Set every entry down again, unchanged, picture-free.

>>>

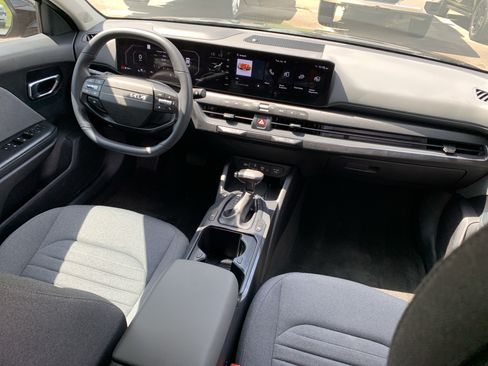 Used 2025 Kia K4 EX FWD image 27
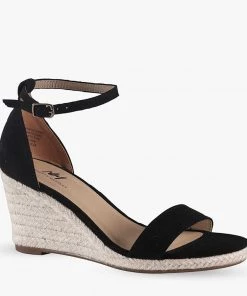 Naughty Monkey Amara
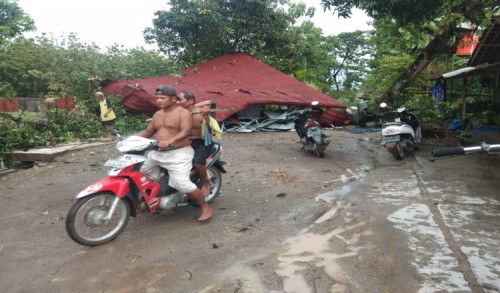 Dihantam Puting Beliung, Puluhan Rumah di Ngawi Rusak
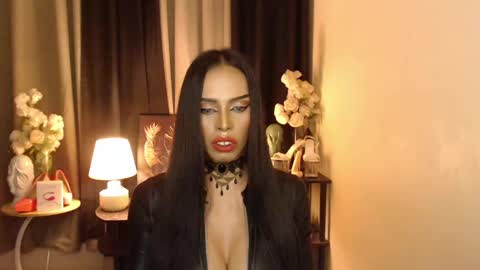 Snapshot of darksoul_mistress chatting on January 25, 1:19 pm HAPPY BIRTHDAY MISTRESS MADRIANA online show from January 25, 1:19 pm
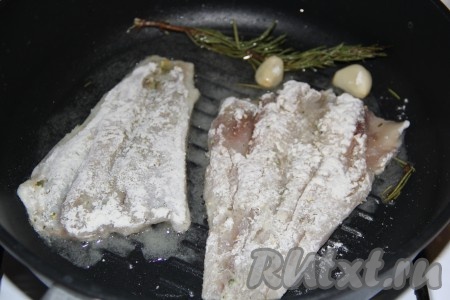 Выложить филе минтая, обваленное в муке, на сковороду.

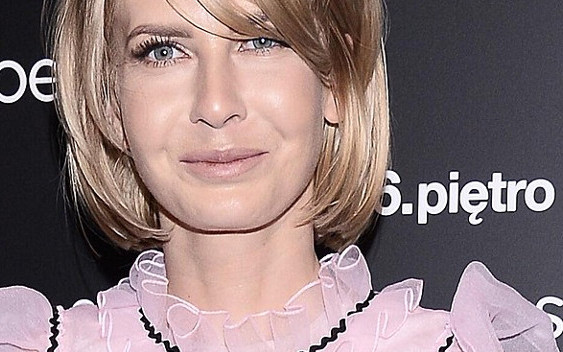 Edyta Pazura cała w falbankach (ZDJĘCIA)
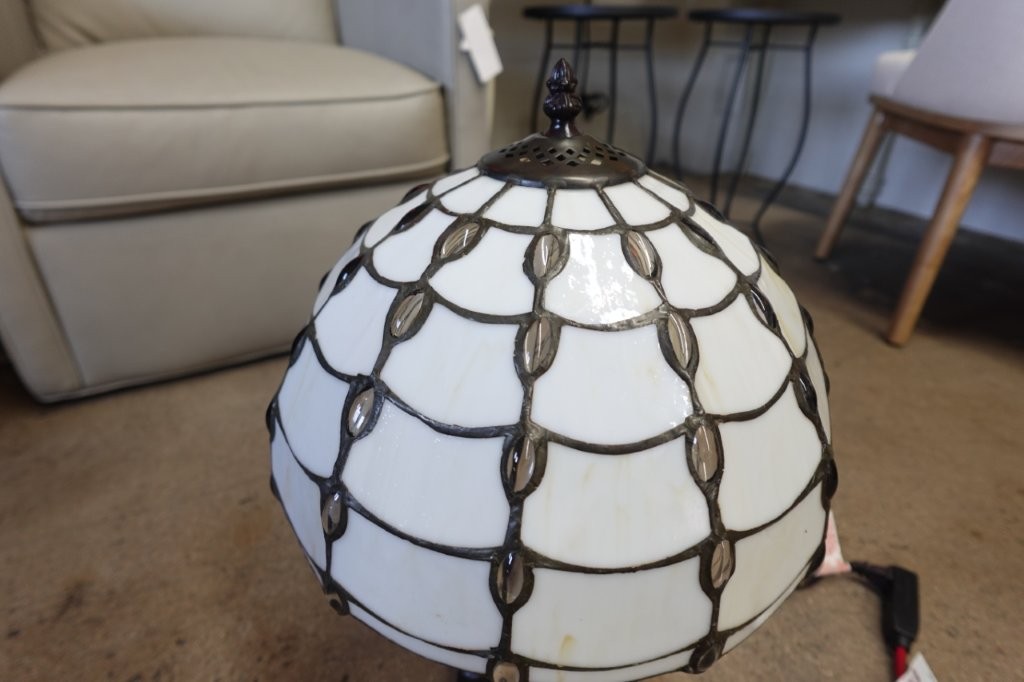 Tiffany Style Table Lamp with Stained Glass Shade in White - Image 4
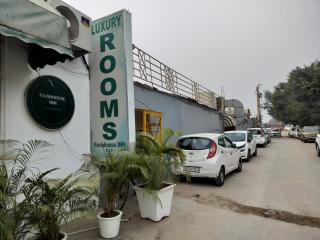 Farmhouse Inn nh8 - New Delhi - 5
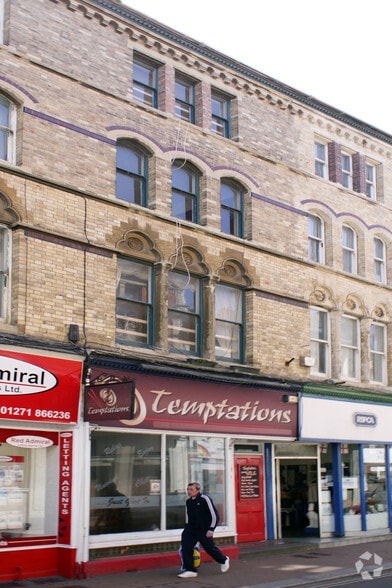 111 High St, Ilfracombe for sale - Primary Photo - Image 1 of 24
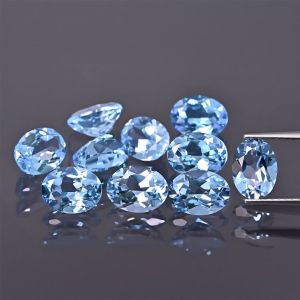 Pietra ovale, taglio conico - Topazio Sky 6x4 MM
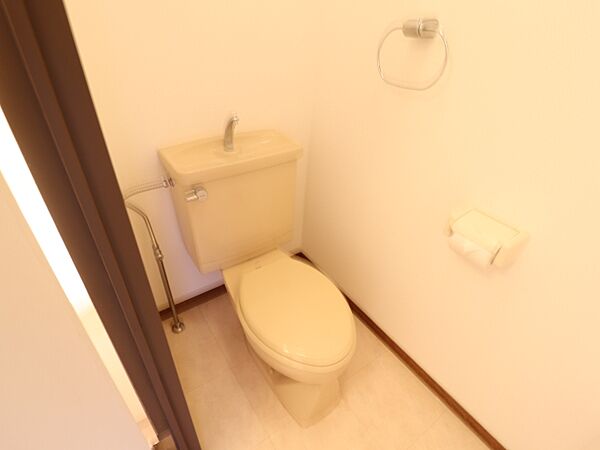 トイレを拡大表示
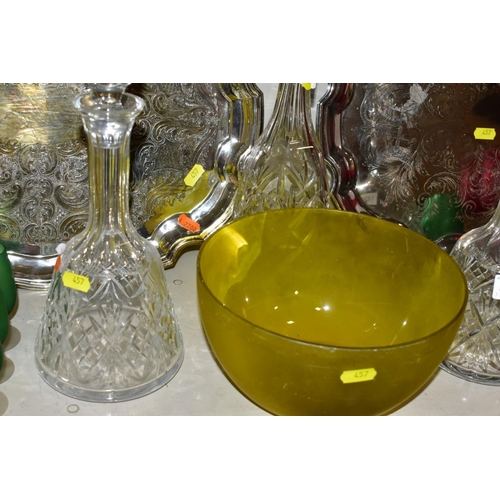 457 - A QUANTITY OF CLEAR AND COLOURED GLASSWARE AND TWO LATE 20TH CENTURY SILVER PLATED TRAYS, including ... 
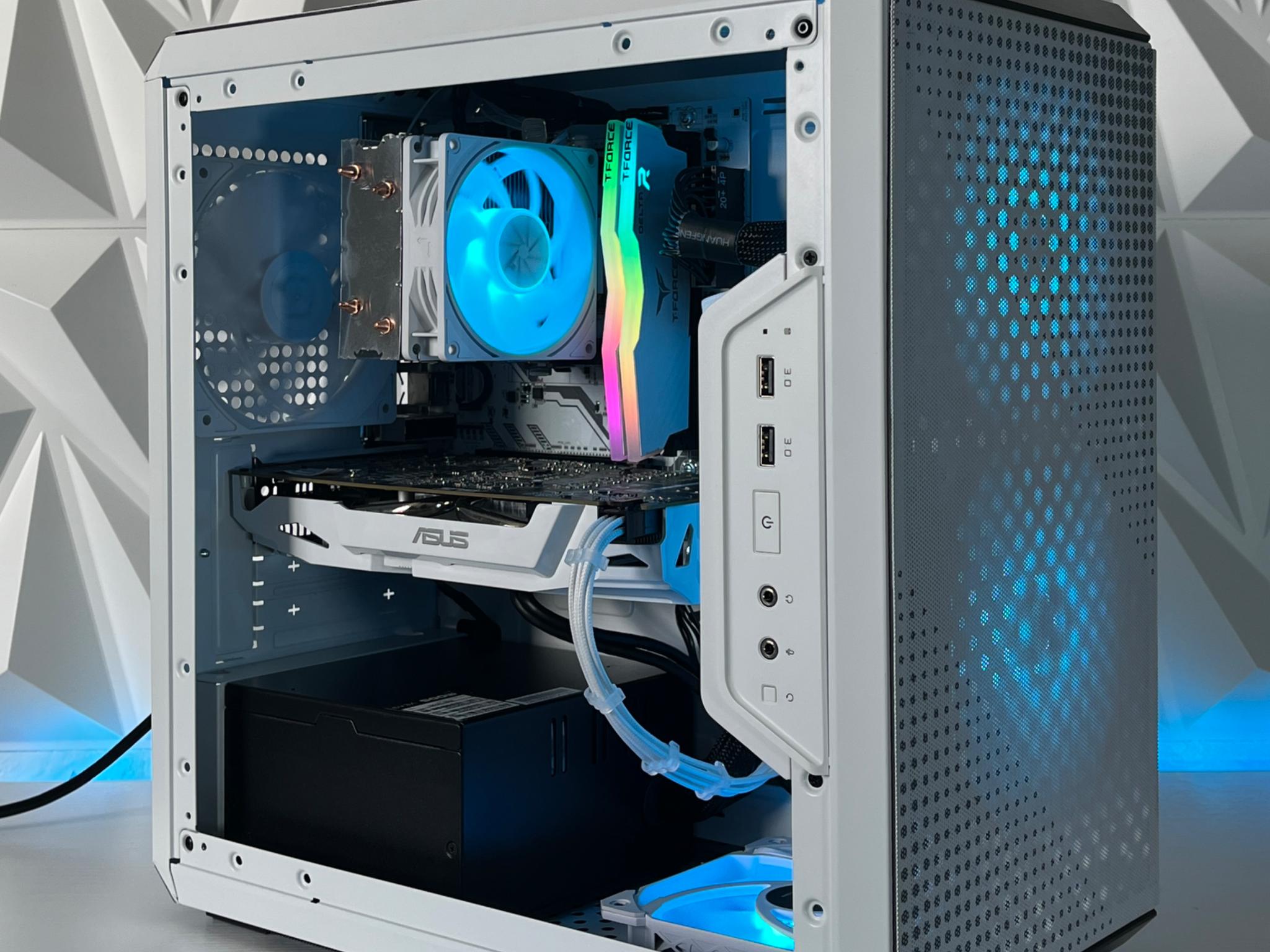 GTX 1060 6GB, Ryzen 7 1700X, 16GB 3600MHz | White RGB Gaming Computer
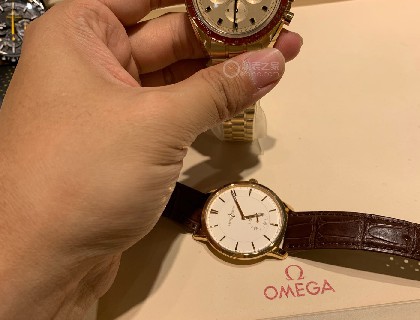拿下表后去了本地omega专卖欣赏今年特殊表款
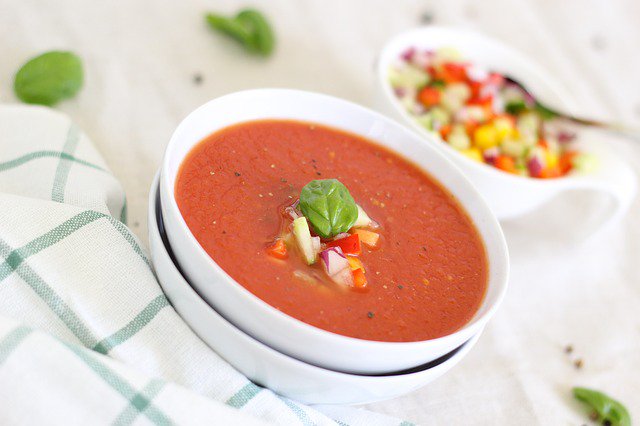 After60Club's tweet photo. #HealthyFood &amp; #yummyfood: Easy Red Pepper Soup: https://t.co/HwRMVfAWrj #Enjoy Sent with Love! https://t.co/hgfiIHYwTN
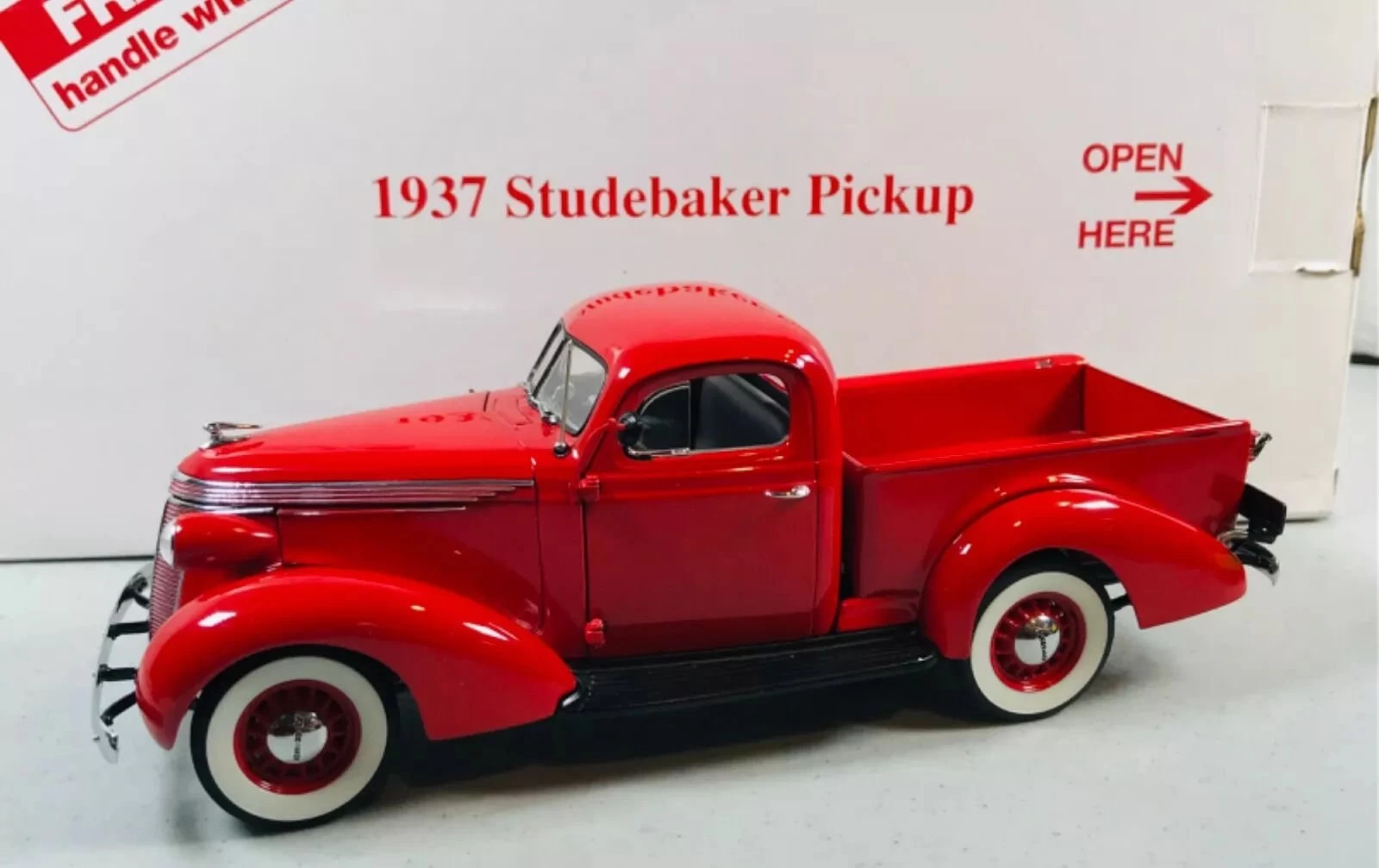 Danbury Mint 1/24 1937 Studebaker Pickup Truck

<<<

> _Result_
 Used 2025 Kia K4 EX FWD image 27
 Naughty Monkey Amara
 Dihantam Puting Beliung, Puluhan Rumah di Ngawi Rusak
 Snapshot of darksoul_mistress chatting on January 25, 1:19 pm HAPPY BIRTHDAY MISTRESS MADRIANA online show from January 25, 1:19 pm
 Выложить филе минтая, обваленное в муке, на сковороду.

 Edyta Pazura cała w falbankach (ZDJĘCIA)
 Tiffany Style Table Lamp with Stained Glass Shade in White - Image 4
 Farmhouse Inn nh8 - New Delhi - 5
 111 High St, Ilfracombe for sale - Primary Photo - Image 1 of 24
 Pietra ovale, taglio conico - Topazio Sky 6x4 MM
 トイレを拡大表示
 457 - A QUANTITY OF CLEAR AND COLOURED GLASSWARE AND TWO LATE 20TH CENTURY SILVER PLATED TRAYS, including ... 
 GTX 1060 6GB, Ryzen 7 1700X, 16GB 3600MHz | White RGB Gaming Computer
拿下表后去了本地omega专卖欣赏今年特殊表款
 After60Club's tweet photo. #HealthyFood &amp; #yummyfood: Easy Red Pepper Soup: https://t.co/HwRMVfAWrj #Enjoy Sent with Love! https://t.co/hgfiIHYwTN
 Danbury Mint 1/24 1937 Studebaker Pickup Truck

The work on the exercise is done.